Nickel And Dimed: On (Not) Getting By In America, by Barbara Ehrenreich
I only read this book because it was the CASA book of the month selection , and there is little enjoyment I could take out of this book on any level. My lack of enjoyment with the book’s material springs from two different problems I have with the book. The first is with the author’s strident tone, with her feminism and Marxism and all of the radical leftism that I find so difficult to appreciate in any sort of reading material but which finds itself frequently on my reading list despite my great distaste of it. The second area of immense dislike I have for the book is with the fact that the author is unfortunately quite right that people cannot make it on their own on minimum wage jobs, and that even with better salaries making it is a difficult matter in our contemporary society, as much as it pains some of us to admit. As much as I wish it would be otherwise, I can entirely relate to and understand the author’s concerns and editor-imposed struggles, even as I despise her worldview and approach.

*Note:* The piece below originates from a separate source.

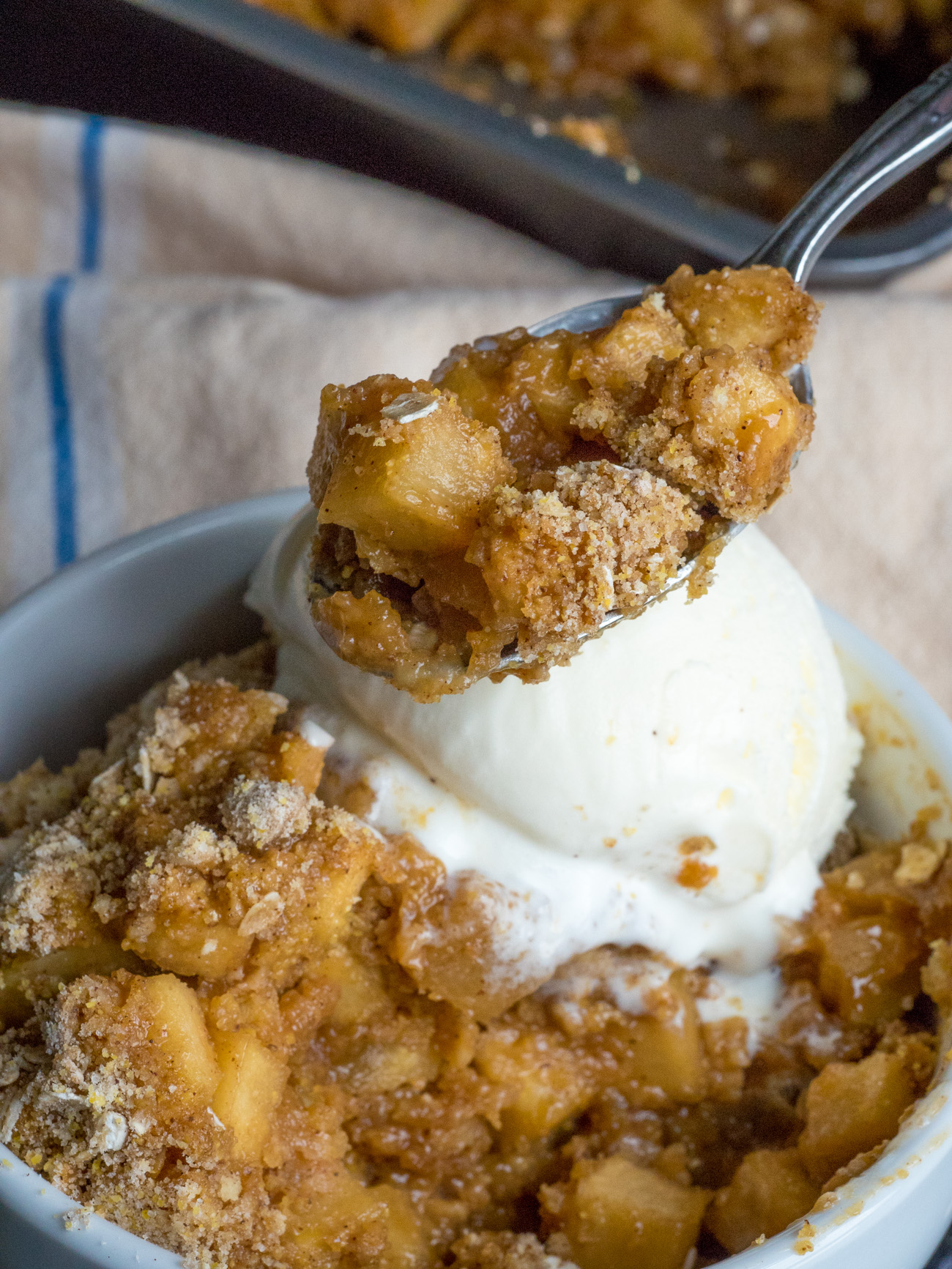 Cinnamon Apple Cornbread Crisp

The book takes a mocumentary sort of approach of the kind found in Michael Moore movies. The author was challenged by her editor to attempt to live the life of an unskilled laborer, and she chose to do three different sorts of work in three different states: serving as a waitress in Key West, as a maid/caregiver in Maine, and as a Wal-Mart associate in the Twin Cities. In all cases she did her best to live within her income and see what sort of life could be lived by those who worked in the sort of McJobs available in the late 90’s in the service economy. Afterwards she gives a reasonably fair if very fierce evaluation of how she did, and more to the point, the implications of that, and manages to defend low-wage workers from the sort of abuse they get from others. She finds herself to be a somewhat average low-wage worker and finds the general context of employment and housing to be highly unreasonable, something that I have found myself, given that many workers and their concerns and dignity and well-being are largely invisible to the political and economic elites of our country.

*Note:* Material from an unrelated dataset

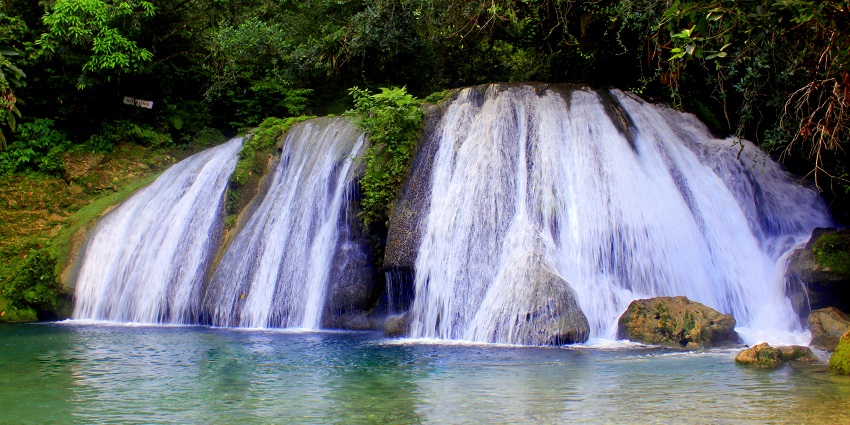 Waterfall of the Reach Falls, a romantic place to visit on Valentine’s Day in Jamaica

Thus far the author and I are agreed, as much as it pains me to admit it. The real question is what can be done about it. We all know that housing is too expensive and that wages are far more inelastic than prices are, with disastrous consequences for the well-being of people like myself. But where is housing to be built when the wealthy can bid up any land beyond that which can be turned into affordable housing, when only trailer parks and tiny houses are on the mind of city zoning officials , and where the public coffers are empty. If cities will not zone for affordability and no one can be found to build affordable housing, there is not much that can be done by the poor people themselves, since government is not going to stand in the gap. The same can be said for any other areas. If we do not believe that morality can be enforced by law when it comes to private personal conduct, then it is inconsistent and unreasonable to demand that social morality be enforced on businesses in order to treat people with dignity and honor. The author has her heart in the right place, and her sense of justice is well-formed, but it is a shame her politics and religious beliefs are such a mess.